- Global stocks fall amid Federal Reserve caution.
- Dr Martens results worse than expected.
- Auto Trader shares up 10% on full year results.
- Oil price dips on demand concerns.
- Salesforce feels wrath of the market.
Sophie Lund-Yates, lead equity analyst, Hargreaves Lansdown:
“The UK’s blue chips have continued their decline, following a negative trading session in the US yesterday. There continues to be movement in treasury yields, which is affecting sentiment. Treasury yields have risen to four-week highs, following relatively cautious comments from the Federal Reserve about the interest rate cutting cycle, which has dented market confidence. The reality is there’s no immediate catalyst for the UK market to perk up and it will remain firmly in the hands of improved macroeconomic news. Rishi Sunak’s promise to deliver interest rate cuts if he wins the upcoming election won’t be a potent enough prospect to lift the mood just yet.

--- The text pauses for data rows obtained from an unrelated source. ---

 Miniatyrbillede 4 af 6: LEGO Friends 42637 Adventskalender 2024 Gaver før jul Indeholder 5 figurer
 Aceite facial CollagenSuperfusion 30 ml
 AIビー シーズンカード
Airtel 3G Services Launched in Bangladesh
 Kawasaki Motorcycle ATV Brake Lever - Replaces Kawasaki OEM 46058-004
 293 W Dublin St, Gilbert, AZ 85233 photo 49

Despite concerns that Dr Martens investors would put the boot in, the shares have risen following weak full year results. Pre-tax profits have fallen almost 43% in the year, as disappointing consumer demand in the US has weighed heavily on performance. Management has promised a hefty cost-saving plan to try and lace margins back together, but being forced to trim fat under duress is not where any company wants to be. There have long been question marks over Dr Martens expansion execution and these figures won’t help allay these fears. The group has a strong heritage brand, but sits in a very tricky part of the fashion market in the current environment. The positive share price reaction is likely more to do with relief that management’s grasping the nettle than it is to do with concrete optimism.

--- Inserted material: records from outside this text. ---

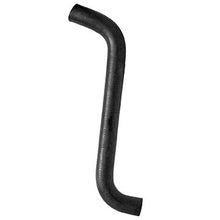 Load image into Gallery viewer, 73037 Radiator Coolant Hose Dayco Canada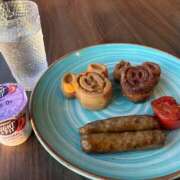 ヒメ日記 2025/05/17 10:56 投稿 まり 出会い系人妻ネットワーク錦糸町～小岩編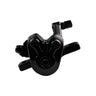 Brake Caliper Xiaomi M365 & Pro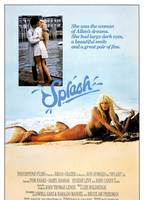 Splash (1984) Nude Scenes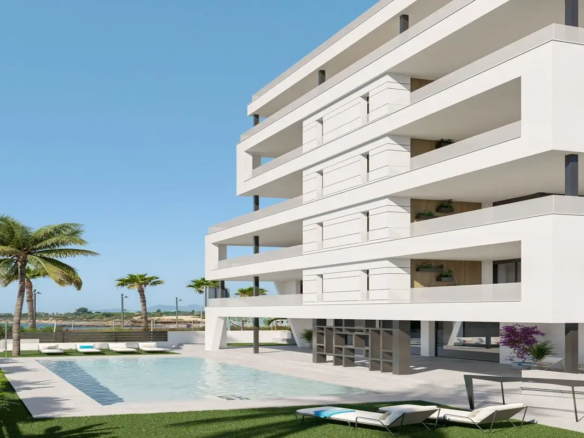 COMPRA DE VIVIENDA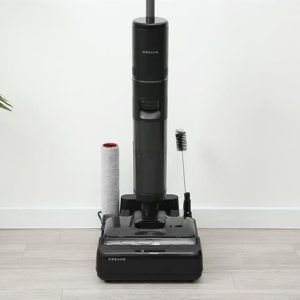 Máy hút bụi lau nhà Dreame H13 FlexReach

It’s better news for Auto Trader, whose revenue shot up 14% in the last financial year, and the shares have been given a boost in response. Despite softening car prices, overall, the car market has been strong for the group, and crucially, its operating margins continue to sit in the 70% range. This is a cornerstone of the investment case, as is Auto Trader’s market dominance. Newer entrants to the market, as Cazoo has showed us, have an uphill battle to climb when it comes to muscling in on Auto Trader’s market share.
Brent crude prices are sitting around $83.4 a barrel, as growing expectations that borrowing costs will be higher for longer, hurting the demand outlook. Commodities and broader risk assets have seen a sell-off in response.”
Salesforce- Matt Britzman, equity analyst:
“Salesforce felt the wrath of the market in after-hours trading after a disappointing quarter. Revenue and operating margins were worse than expected, and guidance also came in light. As bad quarters go, this had all the bells and whistles. Many were hoping to see the macro green shoots discussed back in fourth quarter results starting to break ground, but that wasn’t the case – in fact, it’s almost as if things have gone backwards. Customers are keeping their purse strings tight when it comes to adopting new software services and that’s keeping a lid on top-line growth. There were some glimmers of progress being made from the AI services that Salesforce is slowly rolling out. But it’s becoming quite apparent that the boom seen by those enabling the AI transition (think Nvidia and the cloud giants) isn’t yet translating to those who’ll be offering services off the back of it. After a period of getting fit, Salesforce looks in much better shape to reaccelerate top-line growth – it now needs to start delivering.”